TASK DESCRIPTION
What you return should be only the lines starting at the one that contains "Brazil nickel powder" and running to the end of the listing, exactly as written, minus any pictures.

PROVIDED MATERIAL
*** Block opens ***

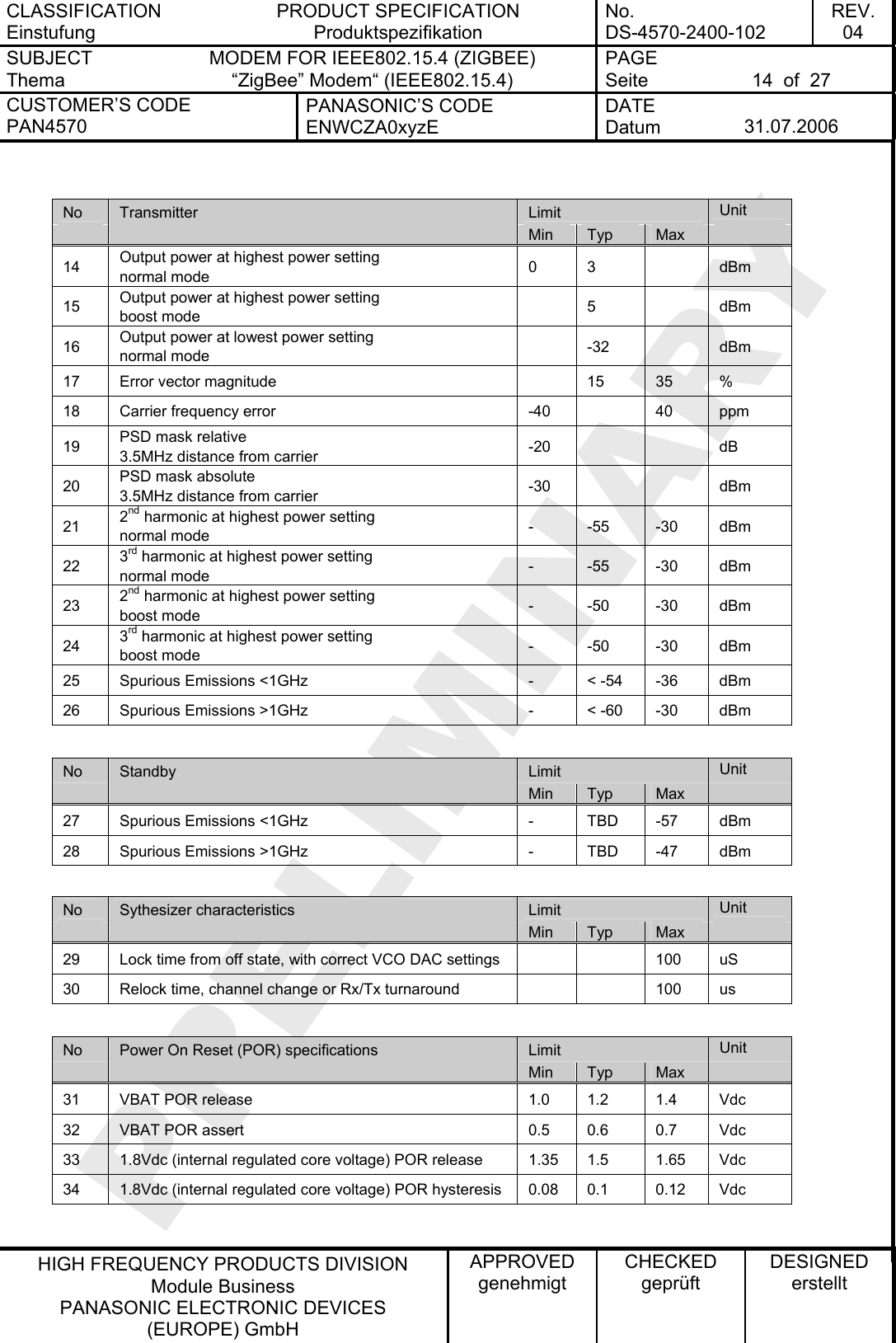 CLASSIFICATION Einstufung PRODUCT SPECIFICATION Produktspezifikation No. DS-4570-2400-102 REV. 04 SUBJECT Thema MODEM FOR IEEE802.15.4 (ZIGBEE) “ZigBee” Modem“ (IEEE802.15.4)   PAGE Seite  14  of  27 CUSTOMER’S CODE PAN4570 PANASONIC’S CODE ENWCZA0xyzE DATE Datum  31.07.2006   HIGH FREQUENCY PRODUCTS DIVISION Module Business PANASONIC ELECTRONIC DEVICES  (EUROPE) GmbH APPROVED genehmigt CHECKED geprüft DESIGNED erstellt   No  Limit  Unit  Transmitter  Min  Typ  Max   14  Output power at highest power setting normal mode  0 3    dBm 15  Output power at highest power setting boost mode   5   dBm 16  Output power at lowest power setting normal mode   -32   dBm 17  Error vector magnitude    15  35  % 18  Carrier frequency error  -40    40  ppm 19  PSD mask relative 3.5MHz distance from carrier  -20     dB 20  PSD mask absolute 3.5MHz distance from carrier  -30     dBm 21  2nd harmonic at highest power setting normal mode  - -55 -30 dBm 22  3rd harmonic at highest power setting normal mode  - -55 -30 dBm 23  2nd harmonic at highest power setting boost mode  - -50 -30 dBm 24  3rd harmonic at highest power setting boost mode  - -50 -30 dBm 25  Spurious Emissions &lt;1GHz  -  &lt; -54  -36  dBm 26  Spurious Emissions &gt;1GHz  -  &lt; -60  -30  dBm  No  Limit  Unit  Standby  Min  Typ  Max   27  Spurious Emissions &lt;1GHz  -  TBD  -57  dBm 28  Spurious Emissions &gt;1GHz  -  TBD  -47  dBm  No  Limit  Unit  Sythesizer characteristics  Min  Typ  Max   29  Lock time from off state, with correct VCO DAC settings      100  uS 30  Relock time, channel change or Rx/Tx turnaround      100  us  No  Limit  Unit  Power On Reset (POR) specifications  Min  Typ  Max   31  VBAT POR release  1.0  1.2  1.4  Vdc 32  VBAT POR assert  0.5  0.6  0.7  Vdc 33  1.8Vdc (internal regulated core voltage) POR release 1.35 1.5 1.65 Vdc 34  1.8Vdc (internal regulated core voltage) POR hysteresis  0.08  0.1  0.12  Vdc  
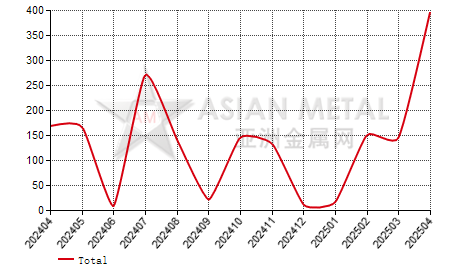 Brazil nickel powder import and export statistics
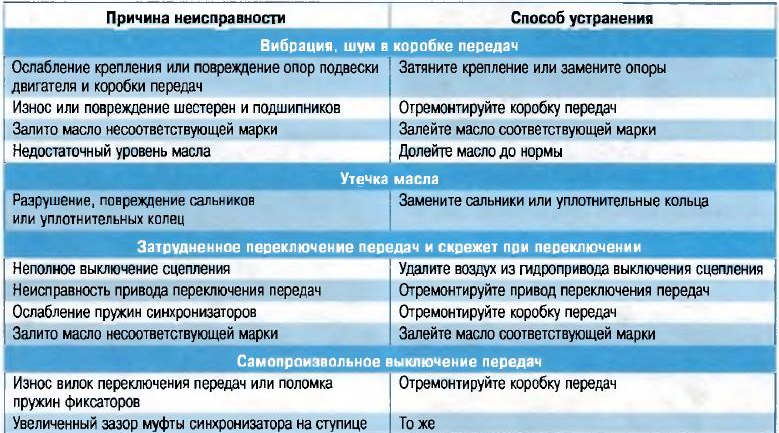 Причины поломки мкпп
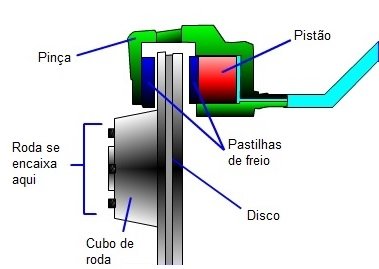 Sistema de Freios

*** Block closes ***

WRITTEN SOLUTION
 Brazil nickel powder import and export statistics
 Причины поломки мкпп
 Sistema de Freios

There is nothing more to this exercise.